Let G = { a + bi | I a + bi I ≤ 4 } Which of the following are in G. (a) 3 + 3i (b) 3i (c) -4 + 3i (d) i^5 (e) 4 - 4i (f) 6 + 2i

Question

Let G = { a + bi | I a + bi I ≤ 4 } Which of the following are in G.  (a) 3 + 3i (b) 3i (c) -4 + 3i (d) i^5 (e) 4 - 4i (f) 6 + 2i

anonymous · Answer

I swear I would not be asking if I knew how to do it. I'm not being lazy I have no clue :( My teacher is lazy

kinggeorge · Answer

Well, to find out, all you have to do is find if$$\sqrt{a^2+b^2} \leq 4$$In other words, $$a^2+b^2 \leq 16$$

kinggeorge · Answer

Also, $i^5=i$ if you didn't know.

kinggeorge · Answer

By my calculations, b and d should be in G, but the rest aren't.

anonymous · Answer

Thank you very much but how do you find out what should be in there

kinggeorge · Answer

By the formula I posted above.

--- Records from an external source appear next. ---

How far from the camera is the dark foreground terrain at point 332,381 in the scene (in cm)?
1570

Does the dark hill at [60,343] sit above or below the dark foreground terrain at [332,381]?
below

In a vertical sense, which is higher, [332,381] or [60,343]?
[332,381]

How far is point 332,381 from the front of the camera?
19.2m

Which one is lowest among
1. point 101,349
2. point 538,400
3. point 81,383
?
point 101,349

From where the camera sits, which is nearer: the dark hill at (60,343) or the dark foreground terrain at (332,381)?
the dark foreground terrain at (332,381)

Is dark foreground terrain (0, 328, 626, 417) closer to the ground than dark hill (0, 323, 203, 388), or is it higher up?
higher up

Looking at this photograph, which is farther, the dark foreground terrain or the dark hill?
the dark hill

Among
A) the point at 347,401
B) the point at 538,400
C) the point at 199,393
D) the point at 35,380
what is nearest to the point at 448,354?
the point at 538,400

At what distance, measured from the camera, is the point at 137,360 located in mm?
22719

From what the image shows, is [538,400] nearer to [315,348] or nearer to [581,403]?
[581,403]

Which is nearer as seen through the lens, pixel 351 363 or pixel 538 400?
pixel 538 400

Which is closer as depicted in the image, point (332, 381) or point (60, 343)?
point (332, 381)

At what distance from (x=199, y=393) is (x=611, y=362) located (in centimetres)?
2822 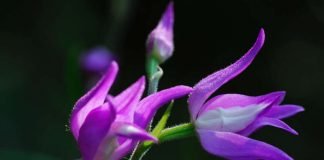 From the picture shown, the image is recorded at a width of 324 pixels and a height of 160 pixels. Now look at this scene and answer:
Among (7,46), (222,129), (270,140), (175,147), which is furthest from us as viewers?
(7,46)

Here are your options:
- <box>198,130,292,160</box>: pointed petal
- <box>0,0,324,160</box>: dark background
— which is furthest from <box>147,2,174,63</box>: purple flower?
<box>0,0,324,160</box>: dark background

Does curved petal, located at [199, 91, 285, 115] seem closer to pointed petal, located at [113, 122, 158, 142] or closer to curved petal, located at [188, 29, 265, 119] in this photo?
curved petal, located at [188, 29, 265, 119]

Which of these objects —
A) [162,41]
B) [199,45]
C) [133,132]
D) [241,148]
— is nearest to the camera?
[133,132]

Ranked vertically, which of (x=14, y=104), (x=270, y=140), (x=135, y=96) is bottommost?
(x=270, y=140)

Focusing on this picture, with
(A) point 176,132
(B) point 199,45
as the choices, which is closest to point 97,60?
(B) point 199,45

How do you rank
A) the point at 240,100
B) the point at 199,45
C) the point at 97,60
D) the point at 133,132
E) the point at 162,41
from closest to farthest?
the point at 133,132, the point at 240,100, the point at 162,41, the point at 97,60, the point at 199,45

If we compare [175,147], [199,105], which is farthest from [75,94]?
[175,147]

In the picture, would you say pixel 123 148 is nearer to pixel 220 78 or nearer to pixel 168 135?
pixel 168 135

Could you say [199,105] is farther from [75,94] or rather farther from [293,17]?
[293,17] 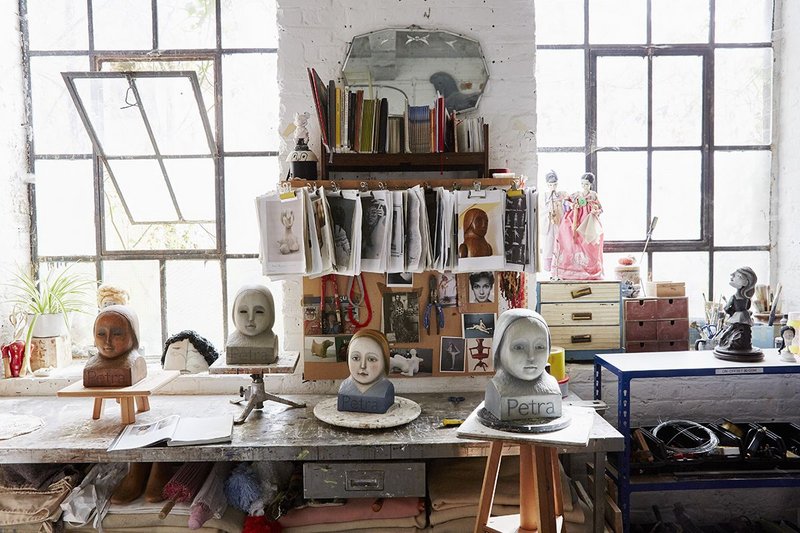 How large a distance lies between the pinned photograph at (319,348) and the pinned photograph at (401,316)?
277mm

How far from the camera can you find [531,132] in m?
2.98

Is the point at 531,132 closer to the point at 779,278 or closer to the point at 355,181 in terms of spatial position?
the point at 355,181

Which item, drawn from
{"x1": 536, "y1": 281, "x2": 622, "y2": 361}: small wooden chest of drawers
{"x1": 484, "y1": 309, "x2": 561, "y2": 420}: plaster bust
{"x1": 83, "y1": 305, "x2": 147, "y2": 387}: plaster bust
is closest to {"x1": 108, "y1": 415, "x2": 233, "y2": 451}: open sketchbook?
{"x1": 83, "y1": 305, "x2": 147, "y2": 387}: plaster bust

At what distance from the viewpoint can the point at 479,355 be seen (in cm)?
292

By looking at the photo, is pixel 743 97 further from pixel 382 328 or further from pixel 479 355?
pixel 382 328

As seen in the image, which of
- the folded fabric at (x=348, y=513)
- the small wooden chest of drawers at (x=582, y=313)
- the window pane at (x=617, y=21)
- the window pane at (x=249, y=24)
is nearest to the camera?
the folded fabric at (x=348, y=513)

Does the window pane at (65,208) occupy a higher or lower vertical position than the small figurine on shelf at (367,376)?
higher

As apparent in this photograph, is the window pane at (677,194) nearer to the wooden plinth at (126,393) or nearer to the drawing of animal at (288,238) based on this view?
the drawing of animal at (288,238)

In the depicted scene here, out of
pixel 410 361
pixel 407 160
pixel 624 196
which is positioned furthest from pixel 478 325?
pixel 624 196

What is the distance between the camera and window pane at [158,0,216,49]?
10.5 feet

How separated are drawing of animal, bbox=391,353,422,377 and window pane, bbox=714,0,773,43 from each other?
2.52 meters

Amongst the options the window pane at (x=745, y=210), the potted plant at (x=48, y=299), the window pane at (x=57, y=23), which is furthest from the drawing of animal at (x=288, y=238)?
the window pane at (x=745, y=210)

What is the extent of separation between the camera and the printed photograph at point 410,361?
2902mm

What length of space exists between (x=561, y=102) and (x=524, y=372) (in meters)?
1.91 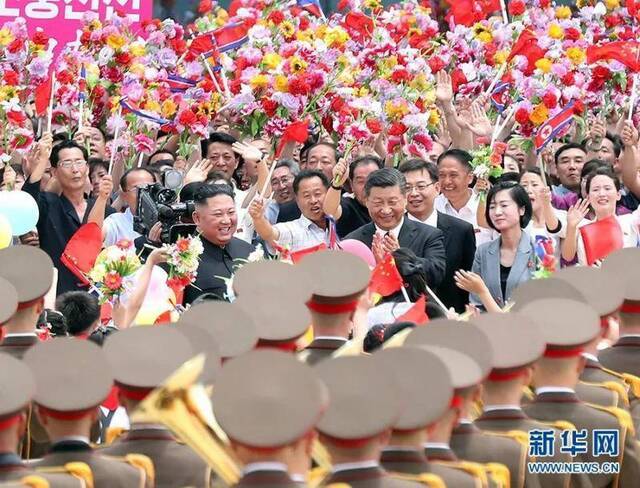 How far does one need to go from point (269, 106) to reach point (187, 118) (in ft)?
2.02

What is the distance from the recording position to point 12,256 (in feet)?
19.3

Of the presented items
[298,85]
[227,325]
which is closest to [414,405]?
[227,325]

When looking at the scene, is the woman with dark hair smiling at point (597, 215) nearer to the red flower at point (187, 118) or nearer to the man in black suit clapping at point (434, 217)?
the man in black suit clapping at point (434, 217)

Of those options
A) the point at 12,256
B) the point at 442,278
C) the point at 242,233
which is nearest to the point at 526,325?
the point at 12,256

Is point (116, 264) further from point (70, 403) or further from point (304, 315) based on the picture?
point (70, 403)

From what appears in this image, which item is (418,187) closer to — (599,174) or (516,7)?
(599,174)

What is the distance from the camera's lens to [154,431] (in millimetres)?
4793

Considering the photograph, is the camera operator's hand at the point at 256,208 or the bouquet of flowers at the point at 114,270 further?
the camera operator's hand at the point at 256,208

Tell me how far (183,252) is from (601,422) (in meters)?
2.78

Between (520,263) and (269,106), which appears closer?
(520,263)

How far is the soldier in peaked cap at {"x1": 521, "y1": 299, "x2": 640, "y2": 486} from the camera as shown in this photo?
16.9 feet

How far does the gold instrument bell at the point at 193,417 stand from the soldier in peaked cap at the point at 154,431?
0.37 m

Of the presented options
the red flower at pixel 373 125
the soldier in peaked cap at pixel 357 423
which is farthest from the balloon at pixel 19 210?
the soldier in peaked cap at pixel 357 423

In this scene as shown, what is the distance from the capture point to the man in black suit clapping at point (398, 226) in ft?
27.7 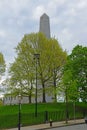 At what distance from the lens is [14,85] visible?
60094mm

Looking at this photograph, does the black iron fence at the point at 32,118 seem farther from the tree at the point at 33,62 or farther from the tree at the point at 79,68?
the tree at the point at 33,62

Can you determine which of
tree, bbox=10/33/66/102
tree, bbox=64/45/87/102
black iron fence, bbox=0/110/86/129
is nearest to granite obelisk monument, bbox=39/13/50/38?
tree, bbox=10/33/66/102

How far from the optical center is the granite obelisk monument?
6506cm

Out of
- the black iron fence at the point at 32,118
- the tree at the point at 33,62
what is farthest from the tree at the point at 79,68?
the black iron fence at the point at 32,118

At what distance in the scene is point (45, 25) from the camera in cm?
6569

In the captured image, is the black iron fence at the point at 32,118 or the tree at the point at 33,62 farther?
the tree at the point at 33,62

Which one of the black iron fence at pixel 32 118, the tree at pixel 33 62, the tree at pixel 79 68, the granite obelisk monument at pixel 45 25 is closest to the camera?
the black iron fence at pixel 32 118

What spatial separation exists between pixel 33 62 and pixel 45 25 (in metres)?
9.55

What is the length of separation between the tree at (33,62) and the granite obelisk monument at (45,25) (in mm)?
4148

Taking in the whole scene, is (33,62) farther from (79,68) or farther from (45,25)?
(45,25)

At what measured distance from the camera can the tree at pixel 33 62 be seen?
59.3 m

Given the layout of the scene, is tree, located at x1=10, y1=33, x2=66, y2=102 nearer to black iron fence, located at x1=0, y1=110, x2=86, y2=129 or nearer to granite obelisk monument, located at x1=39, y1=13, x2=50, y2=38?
granite obelisk monument, located at x1=39, y1=13, x2=50, y2=38

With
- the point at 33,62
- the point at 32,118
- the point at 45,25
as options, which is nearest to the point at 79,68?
the point at 33,62

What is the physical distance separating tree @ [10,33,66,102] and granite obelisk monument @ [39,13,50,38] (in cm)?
415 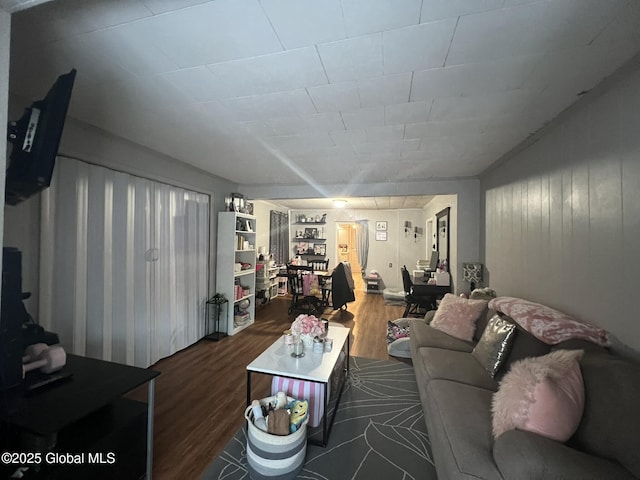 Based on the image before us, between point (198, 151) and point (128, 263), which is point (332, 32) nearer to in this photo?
point (198, 151)

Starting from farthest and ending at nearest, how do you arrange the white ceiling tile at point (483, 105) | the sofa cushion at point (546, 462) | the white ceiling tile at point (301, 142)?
the white ceiling tile at point (301, 142), the white ceiling tile at point (483, 105), the sofa cushion at point (546, 462)

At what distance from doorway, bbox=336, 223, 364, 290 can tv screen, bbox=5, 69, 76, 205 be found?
6659 mm

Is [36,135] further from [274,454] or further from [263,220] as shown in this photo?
[263,220]

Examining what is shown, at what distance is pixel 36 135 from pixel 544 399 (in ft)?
8.05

All the numbers are of the form $a+bi$ for some $a, b \in \mathbb{R} $  so then you just use the formula I wrote above.

anonymous · Answer

Hmm shouldn't that mean a should be in there as well 3 + 3i = 3 + √-9 ≤ 16?

kinggeorge · Answer

No, since $a=b=3$ so $3^2+3^2=18$ and this is not less than 16.

kinggeorge · Answer

Remember you need to square the numbers and then add them.

anonymous · Answer

Right, I'm an idiot lol thank you very much

kinggeorge · Answer

You're welcome.